Compost tumblers are expensive and usually made of plastic. Maybe they’re safe maybe not. I’d rather have a metal DIY compost tumbler, so I made my own!
Spring is Compost Season
Finally, Spring is starting in many areas of the country. I spent most of Saturday outside planting seeds and starts for my garden, using most of the compost that I had left from winter. My bins were new last year and haven’t accumulated much yet. I want to get a tumbling compost bin, but they are so expensive. Maybe I can make my own!
TIP: you can also make your own vermicomposting worm farm.
Bins for a DIY Compost Tumbler
Most tumbling compost bins that you can buy are plastic. The material they use is supposed to be safe, but after months and months of having microbes and bacteria eating at the inside while sitting in the hot sun, I wonder just how safe it really is. I opted for a metal bin, just to be safe. I got a large metal trash can.
Metal Trash Cans
Metal trash cans can be cheap or nicely made. The one I found for my DIY compost tumbler is middle of the road. It’s heavy enough to last a few years but not so heavy that I can’t move it.
You could also use a metal barrel, like the type that is used for burning debris. Just be sure it’s not one that is lined with plastic. Sometimes these types of barrels are used to store and transport food type oils, or oils like motor oil. You can clean them out with hot soapy water, or start a fire in them to burn off anything that may be harmful. Just be careful if you decide to use fire and use a wood that will burn clean, like maple, to avoid residue.
Making Your DIY Compost Tumbler
When you get your trash can or barrel, drill some holes in it. Not large enough to allow the compost to fall out, but big enough to allow liquids to drain out. I have a tarp that I keep mine on when I’m filling it. The holes are in the bottom to allow drainage. When I’m ready to use it, I move the can and pour the liquid that has collected into my regular compost. You could use it as liquid fertilizer, but it will be concentrated and probably smelly, so it would need to be diluted. You could use it 10:1 in water and use this as a watering medium.
Using Your DIY Compost Tumbler
Once your barrel is ready, you can start your compost.
I always add a good layer of straw or leaves in the bottom to absorb any liquid that remains after most has dripped out of the bottom. I do about 6 inches here.
Then you can toss in household produce scraps, egg shells, coffee grounds, anything you would normally put in compost. Avoid bones and meat products as these may contain pathogens (although most are destroyed by the heat) and can attract animals such as bears.

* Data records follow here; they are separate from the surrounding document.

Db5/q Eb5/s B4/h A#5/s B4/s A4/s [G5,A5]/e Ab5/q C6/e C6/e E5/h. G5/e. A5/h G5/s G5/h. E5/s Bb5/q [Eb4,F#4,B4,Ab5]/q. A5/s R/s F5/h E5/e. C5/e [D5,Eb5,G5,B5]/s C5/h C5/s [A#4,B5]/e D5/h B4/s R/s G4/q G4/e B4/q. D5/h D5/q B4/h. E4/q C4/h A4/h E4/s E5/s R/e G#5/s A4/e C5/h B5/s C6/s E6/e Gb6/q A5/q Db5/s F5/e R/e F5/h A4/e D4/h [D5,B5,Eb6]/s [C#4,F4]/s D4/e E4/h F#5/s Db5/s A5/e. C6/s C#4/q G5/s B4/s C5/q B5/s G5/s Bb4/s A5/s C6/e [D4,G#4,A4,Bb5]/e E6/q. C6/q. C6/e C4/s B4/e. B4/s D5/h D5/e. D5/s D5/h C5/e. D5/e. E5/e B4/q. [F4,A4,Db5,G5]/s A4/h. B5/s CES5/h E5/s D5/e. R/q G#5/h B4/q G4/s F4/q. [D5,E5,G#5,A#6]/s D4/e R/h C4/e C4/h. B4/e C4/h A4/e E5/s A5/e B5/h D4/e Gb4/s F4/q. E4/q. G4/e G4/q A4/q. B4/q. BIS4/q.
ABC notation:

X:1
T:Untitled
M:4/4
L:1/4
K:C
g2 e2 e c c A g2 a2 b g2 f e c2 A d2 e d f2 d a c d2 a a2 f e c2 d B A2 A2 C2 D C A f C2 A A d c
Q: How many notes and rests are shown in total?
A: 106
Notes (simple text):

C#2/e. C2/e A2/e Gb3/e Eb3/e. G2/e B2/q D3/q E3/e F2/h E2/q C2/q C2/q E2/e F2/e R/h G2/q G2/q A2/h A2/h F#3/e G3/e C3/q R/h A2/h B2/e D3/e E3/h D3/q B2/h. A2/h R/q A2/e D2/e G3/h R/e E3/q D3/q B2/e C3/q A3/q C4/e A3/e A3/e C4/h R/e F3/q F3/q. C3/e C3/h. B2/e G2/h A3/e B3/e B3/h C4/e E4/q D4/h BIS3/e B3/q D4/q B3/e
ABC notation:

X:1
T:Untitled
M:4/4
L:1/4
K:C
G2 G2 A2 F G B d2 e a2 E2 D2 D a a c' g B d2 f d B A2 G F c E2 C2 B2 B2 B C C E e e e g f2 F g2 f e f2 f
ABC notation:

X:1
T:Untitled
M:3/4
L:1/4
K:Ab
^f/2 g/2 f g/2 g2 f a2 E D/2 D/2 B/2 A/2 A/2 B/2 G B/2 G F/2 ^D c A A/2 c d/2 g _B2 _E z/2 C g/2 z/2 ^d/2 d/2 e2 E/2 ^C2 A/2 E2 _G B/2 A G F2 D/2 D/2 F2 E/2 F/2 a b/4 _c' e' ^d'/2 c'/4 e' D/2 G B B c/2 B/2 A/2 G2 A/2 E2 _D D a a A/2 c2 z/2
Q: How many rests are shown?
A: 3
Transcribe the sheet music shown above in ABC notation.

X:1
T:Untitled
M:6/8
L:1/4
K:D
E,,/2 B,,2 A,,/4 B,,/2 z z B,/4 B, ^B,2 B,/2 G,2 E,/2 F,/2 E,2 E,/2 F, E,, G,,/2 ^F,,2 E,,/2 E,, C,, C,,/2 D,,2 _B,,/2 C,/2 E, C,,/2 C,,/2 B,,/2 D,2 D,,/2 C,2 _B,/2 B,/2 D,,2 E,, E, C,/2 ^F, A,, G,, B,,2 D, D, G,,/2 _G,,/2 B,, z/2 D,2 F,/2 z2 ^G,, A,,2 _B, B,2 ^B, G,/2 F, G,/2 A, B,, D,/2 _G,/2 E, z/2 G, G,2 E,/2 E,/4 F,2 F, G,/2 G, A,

Layer green (fresh stuff and grass clippings) with brown (dried materials like straw and leaves) alternately throughout the DIY compost tumbler. Cover well. Do this for about a week. Then, go to the next step.
Rolling Your Bin
How to Roll It
Here’s the fun part. Use a strong bungee cord and tie down the lid of the can or barrel. Then, tip it on its side and roll. Be sure it goes all the way around when you roll. not just a half roll. I have an X on mine so I can be sure that it goes all the way around. Roll it two or three revolutions, then set it upright on the tarp for a few days. You can add to it, but it won’t take long to break down this way, so I just set any compost I make in my regular pile.
How Often to Roll It
Every few days tip your DIY compost tumbler over and roll it. The amount of what you have will be reduced by about half, but it’ll be good stuff. Using this method, you should have good, usable compost within a few weeks. If you have a lot of larger or coarse material, like bigger sticks or corn stalks, you might want to remove those as it could take longer to break them down. I sift my compost through 1/4 inch hardware cloth to get out any sticks or rocks before I use it.
To speed up the process, you can throw a shovel full of dirt in the middle of your DIY compost tumbler. Dirt contains microbes that will help to get the “rot” going faster. There are also commercial compost booster products that can help too. Many of them contain mycorrhiza bacteria, which is beneficial for compost breakdown. (Learn more about mycorrhiza bacteria and compost.)
Have you ever used a tumbling compost bin? Why not make your own!